Funded by the European Union, Grant FED/2017/394-443

Dates: 2018-2021

Context - TFCAs are socio-ecological systems

TFCAs are composed of complex socio-ecological systems. ProSuLi recognises fundamentally that TFCAs encompass a set of stakeholders (e.g. local communities, NGOs, local government, private sector, researchers), interacting through a complex governance system (e.g. chieftainship, national government, international wildlife regulation), who have an unbalanced access to natural resources (e.g. water, grazing, wildlife, wood). The success of TFCAs relies on the recognition of the ecological interdependency between stakeholders and with their ecosystem, the recognition of the plurality of their views, needs and constraints and the need for negotiations in order to achieve a shared common vision of a sustainable TFCAs.
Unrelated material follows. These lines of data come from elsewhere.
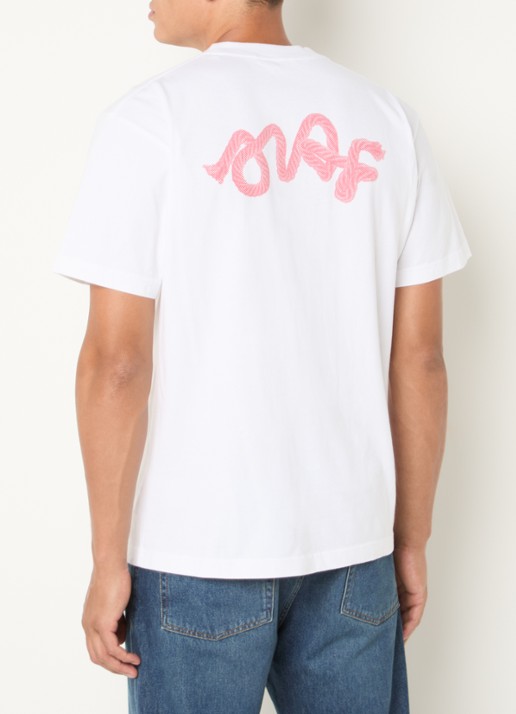 OLAF T-shirt met logo- en backprint - detail wit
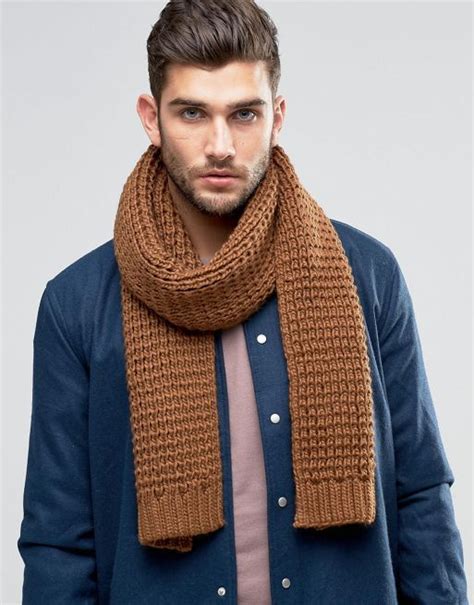 ASOS Knitted Scarf In Tobacco | ASOS | Mens knitted scarf, Men scarf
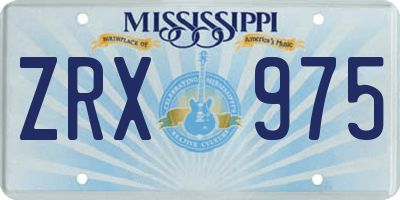 MS license plate ZRX975
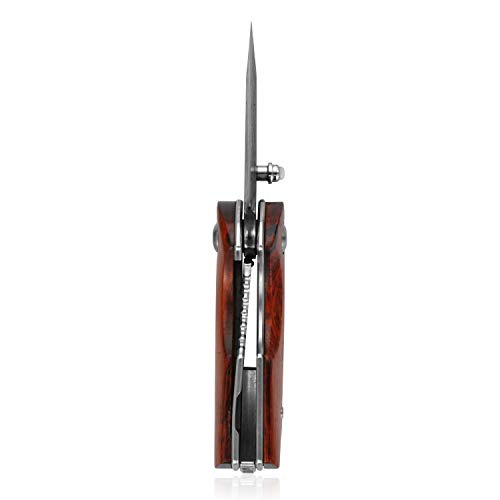 KUBEY Folding Knife, Small Pocket Knife with Wooden Handle, EDC Compact Knife with Razor Sharp Blade and Safety Liner Lock for Hunting Camping Hiking Tool (DM143-1) - Thumbnail 6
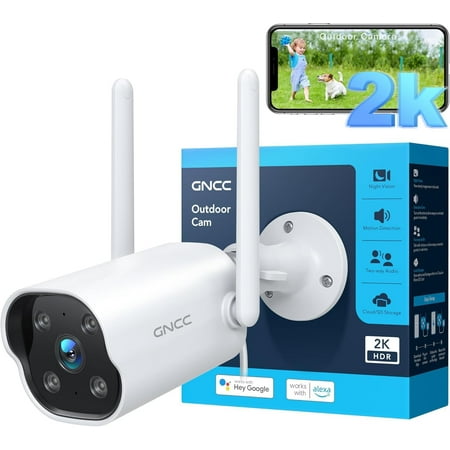 GNCC Wifi Outdoor Surveillance Cameras 2K ,PIR Motion Detection,Two-Way Audio, IP66 Waterproof & Night Vision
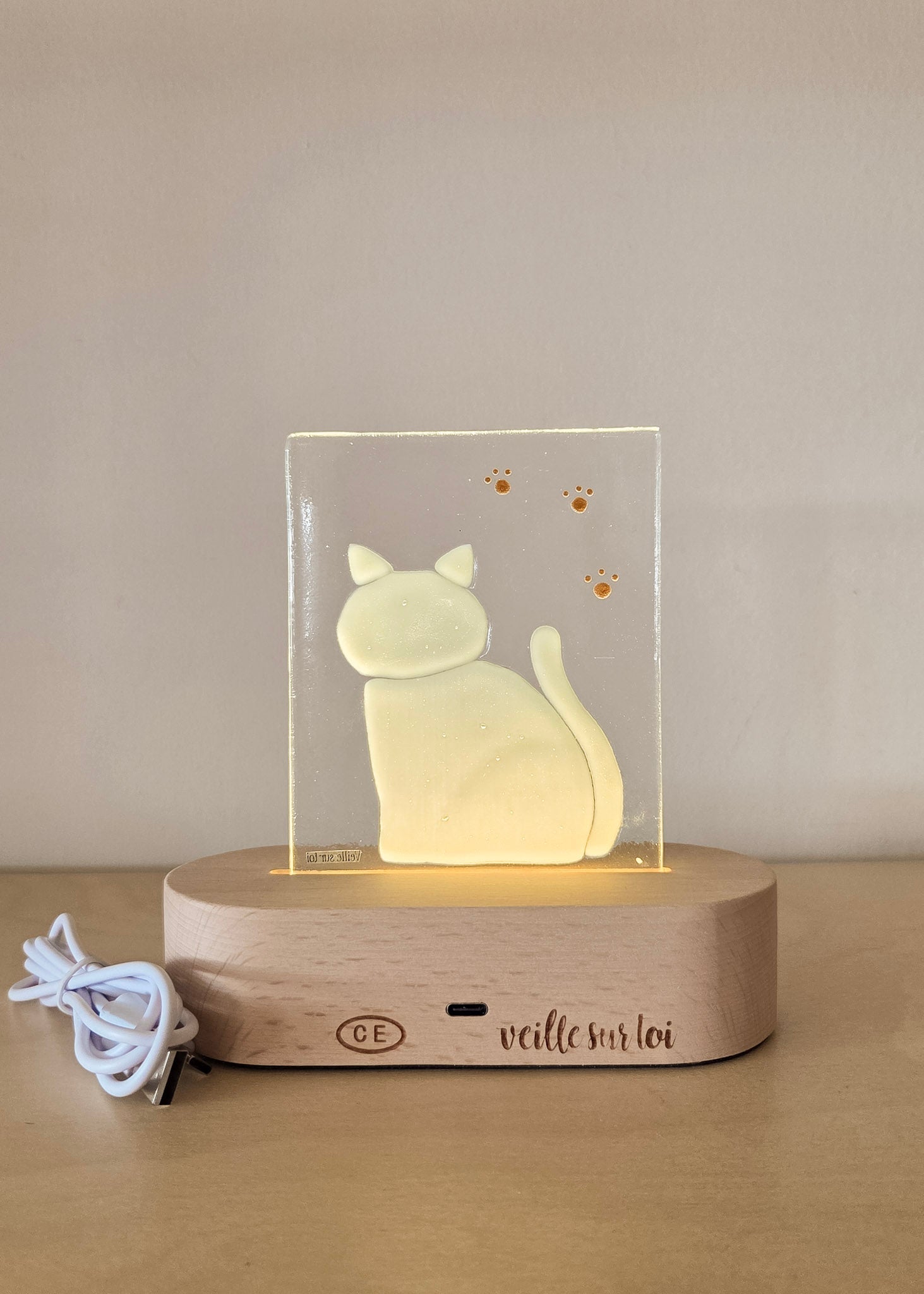 Glass Plate for Table Lamp - Sammy the Cat - Veille sur toi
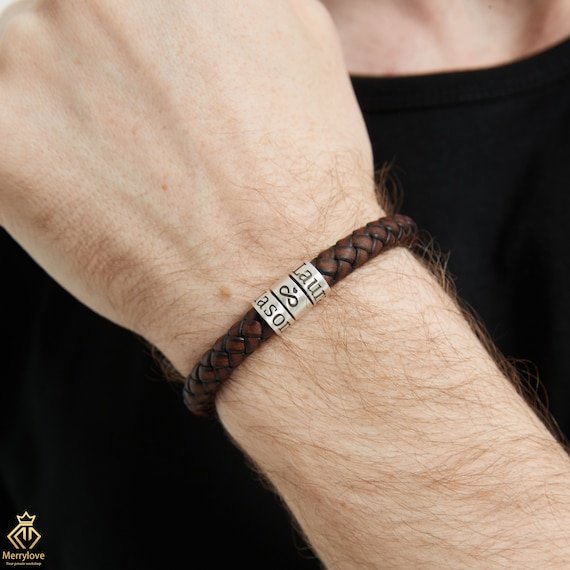 Bracciale In Pelle Personalizzato Da Uomo, Braccialetto Con - Foto 6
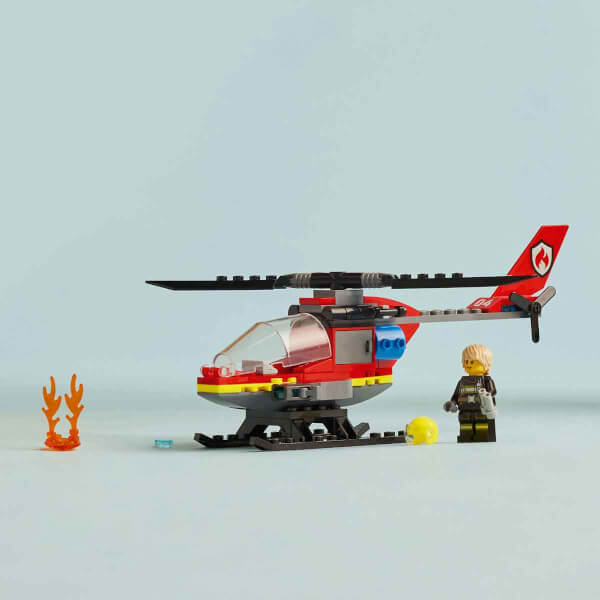 LEGO City İtfaiye Kurtarma Helikopteri 60411 - 5 Yaş ve Üzeri Çocuklar için Pilot Minifigürü İçeren Yaratıcı Oyuncak Yapım Seti (85 Parça)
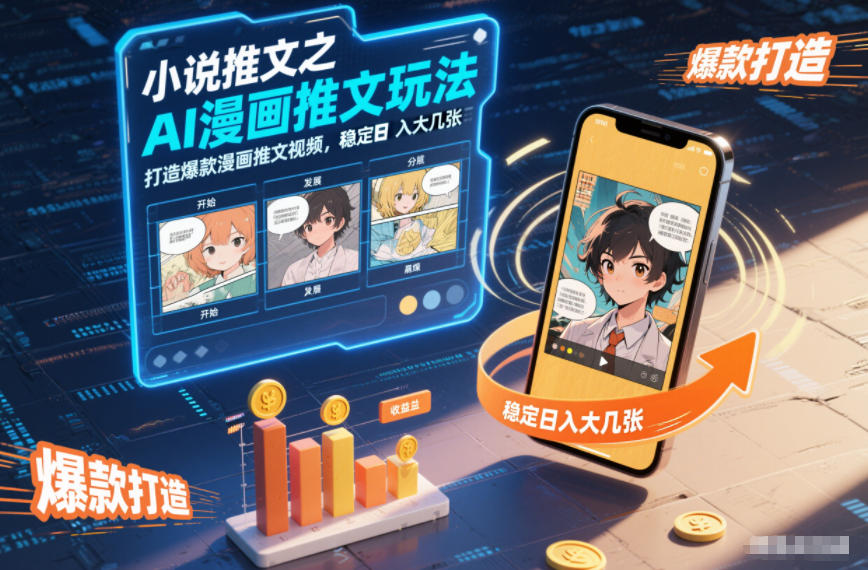 小说推文之AI漫画推文玩法，打造爆款漫画推文视频，稳定日入大几张-老莫涯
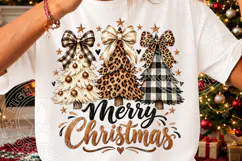 Merry Christmas Leopard & Buffalo Plaid Trees PNG Product Image 3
Globally TFCAs fail to promote local development

TFCAs have been defined, and endorsed at the highest level of states, as integrated development and conservation opportunities for remote and neglected transboundary areas. They are not defined as purely conservation-based initiatives even if conservation actors have historically promoted their creation.  Promoting the livelihoods of local communities within TFCAs is crucial to the success and the sustainability of TFCAs. However, today in most TFCAs, the integration of conservation and local development objectives is rather the exception than the norm. Conservation objectives prevail under the assumption that it is by promoting the conservation of wildlife populations and supporting the development of a wildlife economy that local development will automatically follow. This paradigm is flawed, as large human populations cannot source their livelihoods entirely from wildlife-based activities. By sticking to this paradigm, TFCAs miss a true opportunity to be at the forefront of a new way of conceiving the links between human well-being, social and ecological solidarity– arguably the most sustainable model for the future. 

Maintaining inequality and a disequilibrium between stakeholders

Common pictures across TFCAs are that of frustrated local communities observing conservation NGOs spending most of their time and resources to protect wildlife, local government officials enforcing anti-wildlife crime regulation but failing to design and/or implement adequate benefit-sharing of natural resources and, a private wildlife sector generating profits without sharing equitably the benefits with other legitimate owners of the wildlife resource. In the meantime, “on the other side of the boundary”, local livelihoods struggle to make ends meet with limited and mostly undesirable development options, such as urban migrations, external work in mines or industrial farms and organised poaching. In addition, local communities are stigmatised by local and national governments, as well as conservation NGOs and global public opinion for their “negative” perceptions and behaviour towards wildlife including poaching, unsustainable use of natural resources and poor support of and/or interest in conservation; a situation that is surely undermining the success of TFCAs. Of course, there are exceptions and (few) success stories exist.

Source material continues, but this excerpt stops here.